Угадывая тайные мысли Онисифора, Мстислав обратился к Ярополку. Положив руку ему на колено, он сказал:
— Не сердись на меня, брате. Что было, то прошло. Глеб нам поможет.
— Поможет, как же, держи суму шире,— проговорил Ярополк, косясь па Глеба.
Глеб, как всегда после охоты, был с перепоя. Но Прошка уже подлечил его сладкими медами, и по дряблым щекам князя растекалась застоявшаяся кровь.
— Своя рубашка всегда ближе к телу,— пробормотал
Глеб и сочно рыгнул.— Зря держишь на меня обиду, шурин. Пораскинь мозгами, окромя меня деться тебе некуда.
— Вот и ладно, вот и сговорились,— мирил их Мстислав.— Кто прошлое помянет, тому глаз вон.

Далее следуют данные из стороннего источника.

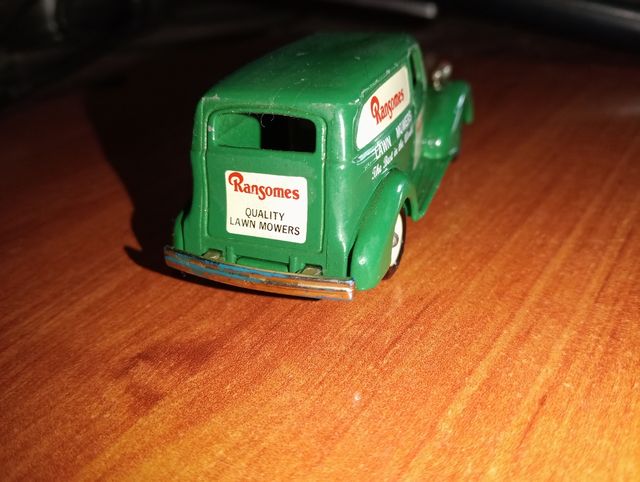 Caminhão Rangomes - miniatura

— Что верно, то верно,— вмешался Онисифор, которому надоело слушать перебранку князей.
— Ты, боярин, не в свое дело не встревай,— оборвал его Глеб.— Об тебе разговор впереди.
Онисифор обиженно замолчал. Не щадил его князь, а ведь кому, как не Онисифору, обязан он замирением с Михалкой. Небось когда пошел на него Михалка сильной ратью, так вспомнил князь верного боярина. Онисифор — не Детилец с Куневичем. Детилец с Куневичем глядят, как бы свои скотницы набить: едва сел Ярополк во Владимире, первыми побежали делить Андреево наследство. И икону Успения божьей матери, и Борисов меч они притащили в Рязань, а Онисифор после возвращал Михалке награбленное с низкими поклонами. Нынче Детилец с Куневичем притихли, не в милости у князя, нынче у князя доверенное лицо — Онисифор. Да вот беда — не умеет ценить алчный Глеб верных слуг своих...
Рассуждая так, боярин, однако, следил за беседой: слышал все, о чем говорили князья.
— Рати большой нам не собрать,— жаловался Глеб.— Под Всеволодом-то нынче и Суздаль, и Переяславль, и Ростов...
— О рати не печалься,— успокаивал его Мстислав.— Неча мудрить, поклонимся половцам, пообещаем чего... Не впервой...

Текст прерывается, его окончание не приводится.